Introducing a data-driven Self-Awareness (SA) module in Cognitive Radio (CR) can support the system to establish secure networks against various attacks from malicious users. Such users can manipulate the radio spectrum in order to make the CR learn wrong behaviours and take mistaken actions. A basic SA module includes the ability to learn generative models and detect abnormalities inside the radio spectrum. In this work, we propose and implement Artificial Intelligence (AI)-based Abnormality Detection techniques at the physical (PHY)-layer in CR enabled by learning Generative Models. Specifically, two real-world practical applications related to different data dimensionality and sampling rates are presented. The first application implements the Conditional Generative Adversarial Network (C-GAN) investigated on generalized state vectors extracted from spectrum representation samples to study the dynamic behaviour of the wideband signal. While the second application is based on learning a Dynamic Bayesian Network (DBN) model from a generalized state vector which contains sub-bands information extracted from the radio spectrum. Results show that both of the proposed methods are capable of detecting abnormal signals in the spectrum and pave the road towards Self-Aware radio.

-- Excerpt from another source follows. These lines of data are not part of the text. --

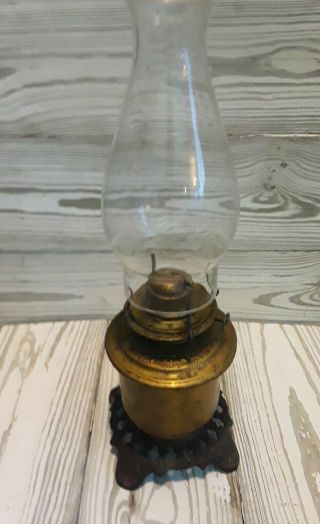 Antique Eagle Kerosene Lamp Brass Bottom In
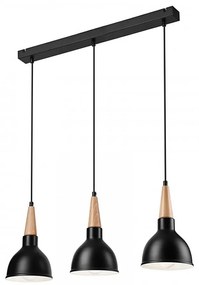 Lampadario a sospensione con filo FRANCESCA 3xE27/60W/230V nero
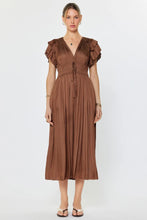 Load image into Gallery viewer, pleated v neck midi dress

机译:在认知无线电(CR)中引入数据驱动的自我意识(SA)模块可以支持系统,以建立针对恶意用户的各种攻击的安全网络。这些用户可以操纵无线电频谱,以使CR了解错误的行为并误认为是错误的行为。基本SA模块包括学习生成模型并检测无线电频谱内的异常的能力。在这项工作中,我们提出并在通过学习生成模型实现的CR中的物理(PHY) - 层的人工智能(AI)基础的异常检测技术。具体而言,提出了与不同数据维度和采样率相关的两个实际实际应用。第一申请实现了在从频谱表示样本中提取的广义状态向量上研究的条件生成的对抗网络(C-GAN),以研究宽带信号的动态行为。虽然第二个应用程序是基于从广义状态矢量学习动态贝叶斯网络(DBN)模型,其包含从无线电频谱中提取的子带信息。结果表明,这两个建议的方法都能够检测光谱中的异常信号并将道路铺设到自我意识的无线电。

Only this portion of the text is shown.